- Records from a dataset -
|---|
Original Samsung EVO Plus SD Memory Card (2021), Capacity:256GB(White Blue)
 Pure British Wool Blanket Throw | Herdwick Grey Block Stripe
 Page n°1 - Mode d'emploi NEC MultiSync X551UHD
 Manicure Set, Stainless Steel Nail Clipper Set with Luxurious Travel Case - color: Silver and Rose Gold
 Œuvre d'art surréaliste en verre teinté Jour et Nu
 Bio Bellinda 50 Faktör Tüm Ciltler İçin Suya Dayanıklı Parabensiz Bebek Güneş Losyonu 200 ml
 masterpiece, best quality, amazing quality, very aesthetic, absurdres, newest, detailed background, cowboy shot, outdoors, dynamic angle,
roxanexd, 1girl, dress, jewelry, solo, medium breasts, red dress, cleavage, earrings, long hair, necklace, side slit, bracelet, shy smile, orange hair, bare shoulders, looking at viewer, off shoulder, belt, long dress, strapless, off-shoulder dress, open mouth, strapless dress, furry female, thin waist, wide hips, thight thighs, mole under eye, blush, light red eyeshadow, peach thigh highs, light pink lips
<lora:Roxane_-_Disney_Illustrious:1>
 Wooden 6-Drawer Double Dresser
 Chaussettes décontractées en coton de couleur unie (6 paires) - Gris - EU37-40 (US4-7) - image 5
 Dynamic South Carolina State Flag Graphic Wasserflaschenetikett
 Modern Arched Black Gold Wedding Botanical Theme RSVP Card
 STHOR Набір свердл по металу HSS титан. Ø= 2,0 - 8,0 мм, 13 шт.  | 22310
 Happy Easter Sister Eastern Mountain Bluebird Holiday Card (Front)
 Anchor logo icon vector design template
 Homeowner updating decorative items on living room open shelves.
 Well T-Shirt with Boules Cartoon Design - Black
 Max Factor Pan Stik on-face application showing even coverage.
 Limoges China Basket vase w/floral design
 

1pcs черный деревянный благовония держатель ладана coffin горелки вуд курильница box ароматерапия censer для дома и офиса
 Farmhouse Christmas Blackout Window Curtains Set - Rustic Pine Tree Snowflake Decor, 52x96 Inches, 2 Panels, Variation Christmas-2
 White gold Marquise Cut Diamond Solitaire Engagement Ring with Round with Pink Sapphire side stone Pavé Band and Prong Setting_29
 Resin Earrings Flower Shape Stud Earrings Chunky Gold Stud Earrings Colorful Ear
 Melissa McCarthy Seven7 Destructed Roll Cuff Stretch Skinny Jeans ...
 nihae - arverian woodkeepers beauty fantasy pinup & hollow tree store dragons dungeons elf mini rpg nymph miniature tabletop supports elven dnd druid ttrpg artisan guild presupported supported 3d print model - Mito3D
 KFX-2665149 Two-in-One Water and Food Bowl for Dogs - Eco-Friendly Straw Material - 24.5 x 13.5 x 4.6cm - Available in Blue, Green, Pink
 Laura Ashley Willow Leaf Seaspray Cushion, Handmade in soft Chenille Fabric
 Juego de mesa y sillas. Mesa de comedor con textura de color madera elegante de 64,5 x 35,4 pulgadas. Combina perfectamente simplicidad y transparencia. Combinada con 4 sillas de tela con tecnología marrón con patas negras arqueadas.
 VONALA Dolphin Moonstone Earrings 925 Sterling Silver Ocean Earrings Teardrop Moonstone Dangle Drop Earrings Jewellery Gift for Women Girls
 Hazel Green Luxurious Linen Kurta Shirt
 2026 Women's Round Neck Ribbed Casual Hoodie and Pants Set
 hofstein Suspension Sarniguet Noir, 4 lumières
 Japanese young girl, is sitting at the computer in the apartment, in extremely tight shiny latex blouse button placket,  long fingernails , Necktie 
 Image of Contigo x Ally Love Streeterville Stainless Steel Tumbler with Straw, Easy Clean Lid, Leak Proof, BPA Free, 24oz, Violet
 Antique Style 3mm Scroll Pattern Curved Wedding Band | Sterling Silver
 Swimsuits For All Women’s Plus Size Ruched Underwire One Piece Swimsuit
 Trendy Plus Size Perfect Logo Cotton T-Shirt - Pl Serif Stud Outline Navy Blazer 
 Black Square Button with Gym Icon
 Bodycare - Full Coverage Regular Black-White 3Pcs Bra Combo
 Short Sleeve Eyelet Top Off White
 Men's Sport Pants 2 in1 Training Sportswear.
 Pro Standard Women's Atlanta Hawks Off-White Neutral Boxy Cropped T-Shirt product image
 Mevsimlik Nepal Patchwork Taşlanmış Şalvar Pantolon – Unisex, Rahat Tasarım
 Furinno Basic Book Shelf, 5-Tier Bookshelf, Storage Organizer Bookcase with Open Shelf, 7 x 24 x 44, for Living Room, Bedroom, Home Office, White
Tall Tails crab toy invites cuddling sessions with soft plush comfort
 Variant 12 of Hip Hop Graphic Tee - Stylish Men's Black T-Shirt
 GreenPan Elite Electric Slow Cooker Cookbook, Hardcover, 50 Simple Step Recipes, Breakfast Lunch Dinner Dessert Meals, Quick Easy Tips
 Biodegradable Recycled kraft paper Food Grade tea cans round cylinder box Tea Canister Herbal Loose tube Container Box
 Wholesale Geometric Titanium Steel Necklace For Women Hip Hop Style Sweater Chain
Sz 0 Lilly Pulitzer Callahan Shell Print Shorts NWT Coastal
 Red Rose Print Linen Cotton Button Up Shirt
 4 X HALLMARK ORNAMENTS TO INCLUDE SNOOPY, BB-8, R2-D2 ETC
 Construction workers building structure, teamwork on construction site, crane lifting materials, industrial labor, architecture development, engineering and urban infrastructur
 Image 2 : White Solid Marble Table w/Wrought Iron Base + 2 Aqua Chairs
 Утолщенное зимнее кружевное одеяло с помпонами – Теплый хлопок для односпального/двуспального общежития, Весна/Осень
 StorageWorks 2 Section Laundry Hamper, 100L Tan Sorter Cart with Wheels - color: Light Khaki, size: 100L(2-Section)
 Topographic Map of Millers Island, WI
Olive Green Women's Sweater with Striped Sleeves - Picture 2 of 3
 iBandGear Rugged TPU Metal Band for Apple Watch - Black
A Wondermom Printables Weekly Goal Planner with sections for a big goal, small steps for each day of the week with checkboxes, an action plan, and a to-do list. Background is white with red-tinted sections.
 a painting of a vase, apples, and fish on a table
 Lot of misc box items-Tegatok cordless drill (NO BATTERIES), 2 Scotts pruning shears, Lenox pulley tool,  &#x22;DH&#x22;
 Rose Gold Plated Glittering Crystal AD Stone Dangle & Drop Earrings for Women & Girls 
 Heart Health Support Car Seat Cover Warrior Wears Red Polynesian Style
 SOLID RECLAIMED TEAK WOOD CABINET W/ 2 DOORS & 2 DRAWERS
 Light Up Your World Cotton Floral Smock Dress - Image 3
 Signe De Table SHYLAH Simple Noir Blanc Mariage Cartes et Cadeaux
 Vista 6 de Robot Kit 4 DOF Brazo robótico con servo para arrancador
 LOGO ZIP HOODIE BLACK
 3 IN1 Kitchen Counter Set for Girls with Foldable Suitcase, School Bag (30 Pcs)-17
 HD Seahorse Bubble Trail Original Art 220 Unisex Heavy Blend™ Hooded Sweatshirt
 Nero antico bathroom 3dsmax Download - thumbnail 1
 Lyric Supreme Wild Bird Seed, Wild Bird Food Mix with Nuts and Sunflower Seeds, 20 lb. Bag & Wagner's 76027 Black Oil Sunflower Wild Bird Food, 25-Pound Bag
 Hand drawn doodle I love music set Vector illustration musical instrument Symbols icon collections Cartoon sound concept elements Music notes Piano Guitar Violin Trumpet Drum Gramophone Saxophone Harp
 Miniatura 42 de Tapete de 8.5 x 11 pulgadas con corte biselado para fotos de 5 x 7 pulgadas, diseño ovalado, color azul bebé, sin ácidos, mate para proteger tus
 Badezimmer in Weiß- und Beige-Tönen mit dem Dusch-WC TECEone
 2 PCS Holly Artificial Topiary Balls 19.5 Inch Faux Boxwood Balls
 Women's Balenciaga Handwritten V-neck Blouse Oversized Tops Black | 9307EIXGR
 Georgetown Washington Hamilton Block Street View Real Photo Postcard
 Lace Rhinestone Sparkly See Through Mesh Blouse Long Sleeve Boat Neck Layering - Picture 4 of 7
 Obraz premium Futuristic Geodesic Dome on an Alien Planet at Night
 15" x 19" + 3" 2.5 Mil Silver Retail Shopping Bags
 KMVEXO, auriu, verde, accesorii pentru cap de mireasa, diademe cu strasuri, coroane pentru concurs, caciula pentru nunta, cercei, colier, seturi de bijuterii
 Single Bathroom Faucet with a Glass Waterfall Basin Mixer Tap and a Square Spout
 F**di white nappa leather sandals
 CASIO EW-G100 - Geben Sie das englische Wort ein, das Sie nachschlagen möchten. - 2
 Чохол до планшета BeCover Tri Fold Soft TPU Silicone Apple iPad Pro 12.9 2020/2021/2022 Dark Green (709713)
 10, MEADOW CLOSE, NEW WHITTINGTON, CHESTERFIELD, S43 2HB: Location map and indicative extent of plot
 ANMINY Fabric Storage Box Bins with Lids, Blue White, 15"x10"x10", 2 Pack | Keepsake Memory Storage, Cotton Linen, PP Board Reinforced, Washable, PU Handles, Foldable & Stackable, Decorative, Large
|---|
- WHAT IS BEING ASKED -
From the records above, reproduce exactly the lines from the one with "<lora:Roxane_-_Disney_Illustrious:1>" to the one with "Dynamic South Carolina", both included, and no others.

- ANSWER TO THIS TASK -
<lora:Roxane_-_Disney_Illustrious:1>
 Wooden 6-Drawer Double Dresser
 Chaussettes décontractées en coton de couleur unie (6 paires) - Gris - EU37-40 (US4-7) - image 5
 Dynamic South Carolina State Flag Graphic Wasserflaschenetikett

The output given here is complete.